パーフェクトリバティー教団 文京部次長 川島 道資氏


 新宗連は今世紀に向かって新しい三つのスローガンを掲げ、活動を開始しようとしている。一つは「信教の自由を守ろう」、二つめは「宗教協力を進めよう」、そして三つめは「世界平和に貢献しよう」だ。
 人間にとって自由であることはひとつの価値ではないか。宗教協力は大変難しい。絶対なものである信仰がぶつかり合うことは世界で見られるが、信念が違っていても同じ目的を持っていれば協力し合える。新宗連は五十年積み重ねてきた。
 世界平和は人類の悲願であります。人間一人一人は独自の存在であり、自由な存在ですから、社会に規範が必要になる。自己性を他と衝突させず調和しながら自己を表現していくか、社会人としての自己を確立することが社会を平和に導くあり方ではないかと考える。そういう人間を育てていく大きな目標に世界平和を持てば、素晴らしい表現のできる人を育てることになるのではないか。
 現代人が宗教から離れていく、これは宗教に接する機会が少なくなっているからと思う。あらゆる機会を捉えて、こうしたことを多くの人に呼びかけていくことが必要なのではないか。

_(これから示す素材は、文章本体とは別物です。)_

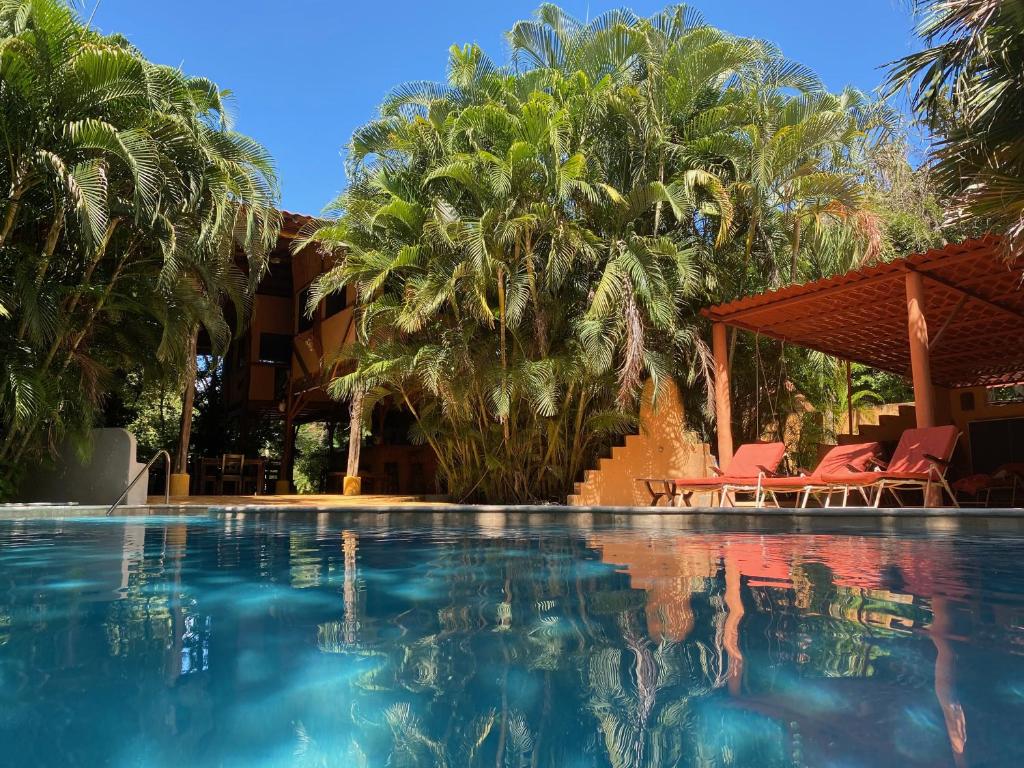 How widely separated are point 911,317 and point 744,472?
7.91 ft

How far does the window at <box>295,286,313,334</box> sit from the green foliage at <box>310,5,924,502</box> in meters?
6.15

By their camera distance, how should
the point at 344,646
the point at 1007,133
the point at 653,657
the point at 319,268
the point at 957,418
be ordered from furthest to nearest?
the point at 319,268 < the point at 957,418 < the point at 1007,133 < the point at 344,646 < the point at 653,657

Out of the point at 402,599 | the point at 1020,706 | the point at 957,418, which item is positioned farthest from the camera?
the point at 957,418

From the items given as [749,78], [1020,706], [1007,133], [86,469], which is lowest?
[1020,706]

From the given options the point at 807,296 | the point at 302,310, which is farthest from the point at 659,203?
the point at 302,310

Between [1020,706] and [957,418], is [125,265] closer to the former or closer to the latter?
[1020,706]

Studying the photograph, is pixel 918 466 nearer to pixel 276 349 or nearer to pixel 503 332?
pixel 503 332

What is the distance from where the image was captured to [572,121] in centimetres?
1044

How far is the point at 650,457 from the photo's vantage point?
1065 cm

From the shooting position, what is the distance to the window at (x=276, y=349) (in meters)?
18.2

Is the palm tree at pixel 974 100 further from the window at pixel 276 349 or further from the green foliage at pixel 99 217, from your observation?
the window at pixel 276 349

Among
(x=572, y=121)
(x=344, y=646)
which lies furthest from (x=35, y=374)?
(x=344, y=646)

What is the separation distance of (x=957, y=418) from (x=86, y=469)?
14748mm

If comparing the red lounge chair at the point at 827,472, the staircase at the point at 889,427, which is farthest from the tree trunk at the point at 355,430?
the staircase at the point at 889,427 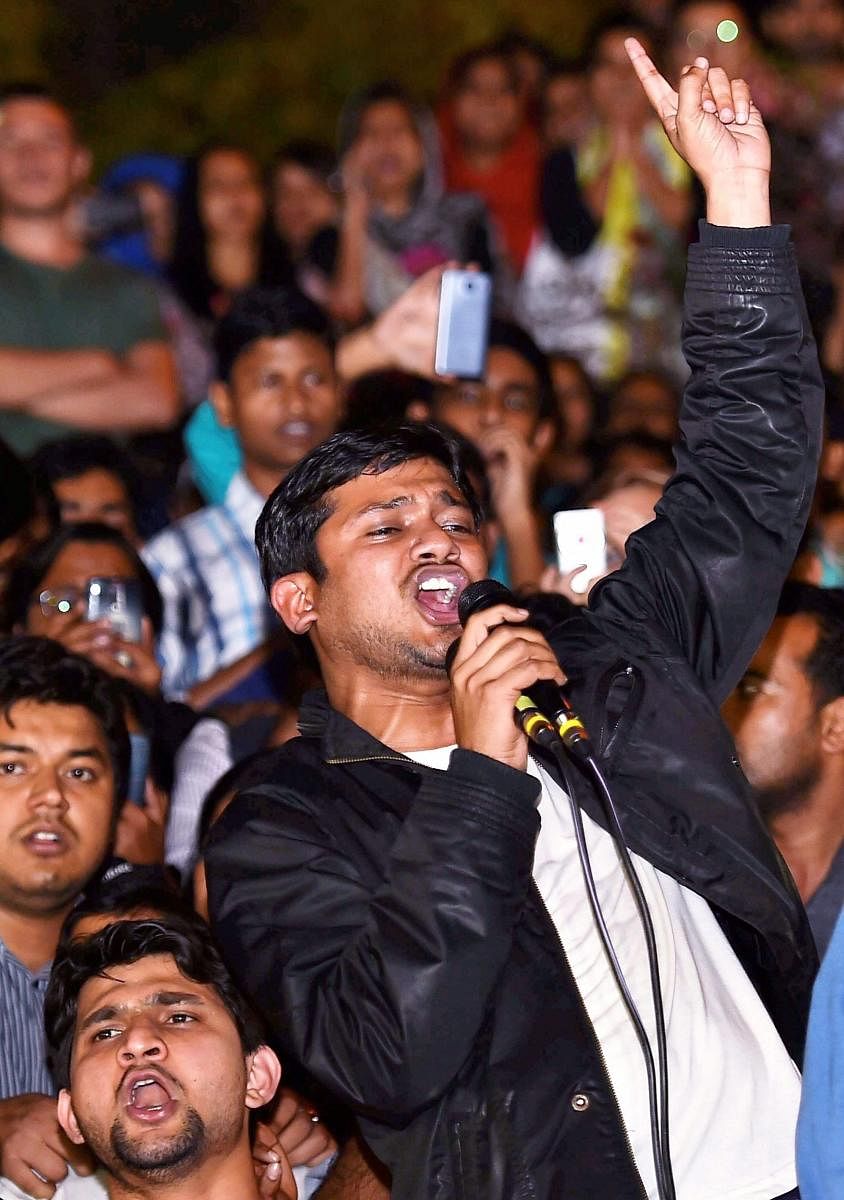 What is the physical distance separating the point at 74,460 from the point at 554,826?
3097mm

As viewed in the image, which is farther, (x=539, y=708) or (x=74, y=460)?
(x=74, y=460)

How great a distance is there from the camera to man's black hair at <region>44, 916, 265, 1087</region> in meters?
3.38

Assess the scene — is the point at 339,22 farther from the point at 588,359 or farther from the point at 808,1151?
the point at 808,1151

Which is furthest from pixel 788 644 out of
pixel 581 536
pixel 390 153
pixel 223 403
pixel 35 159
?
pixel 390 153

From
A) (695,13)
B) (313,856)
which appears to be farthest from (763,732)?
(695,13)

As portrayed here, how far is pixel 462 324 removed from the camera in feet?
17.3

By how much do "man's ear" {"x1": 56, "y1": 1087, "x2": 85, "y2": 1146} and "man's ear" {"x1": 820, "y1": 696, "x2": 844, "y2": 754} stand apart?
182 cm

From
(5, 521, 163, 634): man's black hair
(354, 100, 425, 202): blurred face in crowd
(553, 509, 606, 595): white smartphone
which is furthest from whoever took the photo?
(354, 100, 425, 202): blurred face in crowd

「世界平和のために皆で貢献しましょう、貢献のしかたを皆で考えましょう」と呼びかける使命があるのではないか。
 自分の周りの人との融和、その小さな積み重ねが遠くにある世界の平和につながっていくのだと思う。

教団宗教の難題問う

パネルディスカッション


 二十三日、大阪市北区のグランキューブ大阪で開かれたシンポジウム「21世紀 日本の宗教を考える」では、六人の基調発題につづいて西山茂東洋大学教授のコーディネートのもと、パネルディスカッションが開かれた。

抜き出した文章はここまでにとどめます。